Mom and Her Music’s Influence

My daughter recently created a Spotify playlist that includes songs that remind her of being a child while my mixCDs played in the van as we drove about town and traversed the roads of the West. She tried to capture the range of music that my myriad mixCDs contained. She named the playlist “Feels like driving around in the Toyota Sienna.”

This was a fun experience for me. The playlist is very long. It took me about three days of working in the yard to finish listening to the entirety of it. Song titles span from the 1960’s through well into the 21st Century. It is very eclectic, as my mixCDs were, and as my current Spotify, Napster, and Qobuz playlists are. My current playlists contain newer music and change up quite a bit as I tend to tire of listening to the same music over and over again….well, except for Pink Floyd’s Dark Side of the Moon album.

Sometimes as parents we don’t fully realize how much our interests and tastes have influenced our children until they are adults living away from home and implementing some of those interests and tastes. All of my children listen to music that I played as they were growing up, but the songs and artists vary with each child according to their individual tastes. I love music and would prefer listening to music as opposed to watching television so they got an earful of my music through the years. 

I’m trying to remember when I started creating mixtapes. At what age? I think I was in my junior high years when I began my love affair with mixtapes. But I don’t think I made very many because I was used to listening to the radio and I liked the majority of the songs that were played at the time. During my freshman year of college in January 1984 a new radio station made it’s debut in the Salt Lake City metro. It’s station letters were KCGL and the genre was 80’s New Wave. When I came home from school in the Spring of 1984 my older sister introduced me to the new station and I fell in love. Because I attended college in a small town that mostly played country music—that I DO NOT have an affinity for—I made lots of mixtapes the summer of 1984 to take with me in the Fall when I returned to college.
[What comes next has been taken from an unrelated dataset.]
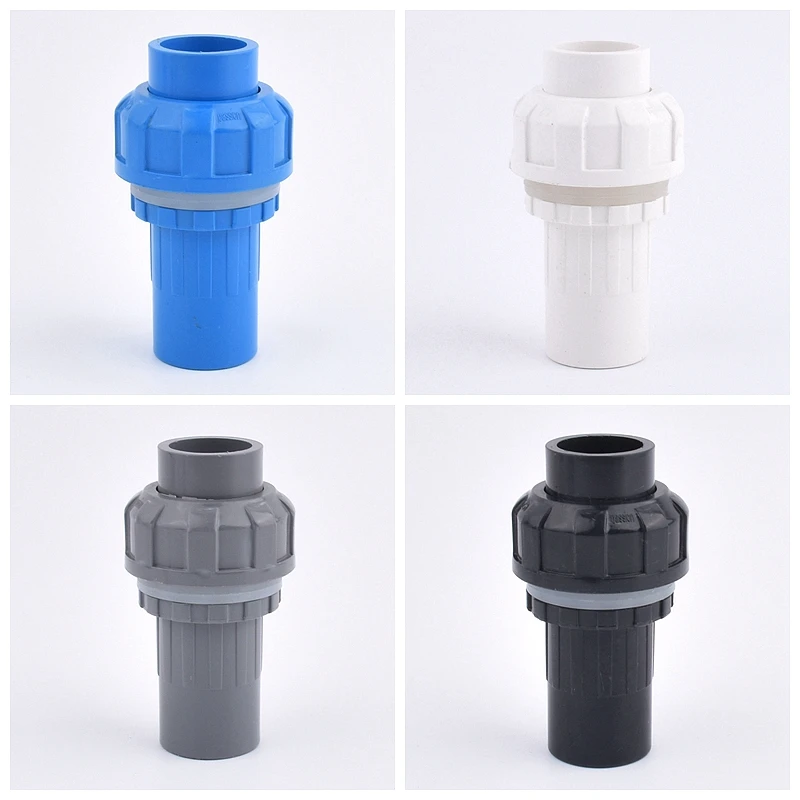 Grey White Blue Black 20~40mm Water Supply Union Connector Aquarium Fish Tank Water Inlet Outlet PVC Water Pipe Union Joint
I also found at this time of mixtape mania that I prefer playlists with eclectic songs and artists. I grew up in an era where there were first 8-track tapes, then vinyl records, then cassette tapes, then CDs, and finally digital music where it was easy to take songs from the various albums that you were forced to listen to the entirety of and create your own playlists with the songs that you preferred. You didn’t have to include the songs from the album that you didn’t really jive with. 

By the time my children were young, I was making mixCDs and designing labels with the song names to adhere to the discs. I kept these in CD cases in my van. My husband is also a music aficionado and fortunately our musical tastes align, so we have a very large CD collection. The CD albums were for playing in the house. The mixCDs were for playing in the van. It was especially fun when you could illegally download other people’s music from music sharing websites. I found a lot of my beloved 80’s New Wave songs that I then added to my mixCDs. 

When we would make the long drives between Phoenix and Salt Lake City in the summers my children heard their fair share of my mixCDs. In fact, my oldest son once quipped that when he would hear a mixCD song when he was older and the disc jockey would  announce the name of the band he would think “Oh, that’s who sings that song?” At some point they would realize that a commonly used phrase such as, “How can you have any pudding if you don’t eat your meat?” was really from Pink Floyd’s Another Brick in the Wall; or that the phrase,“ The grabbing hands grab all they can” is from Depeche Mode’s Everything Counts.

My guess is that my grandchildren will experience what my children do in regards to the music that their parents listen to as they are growing up and it will create a sense of nostalgia for them. The Circle of Life.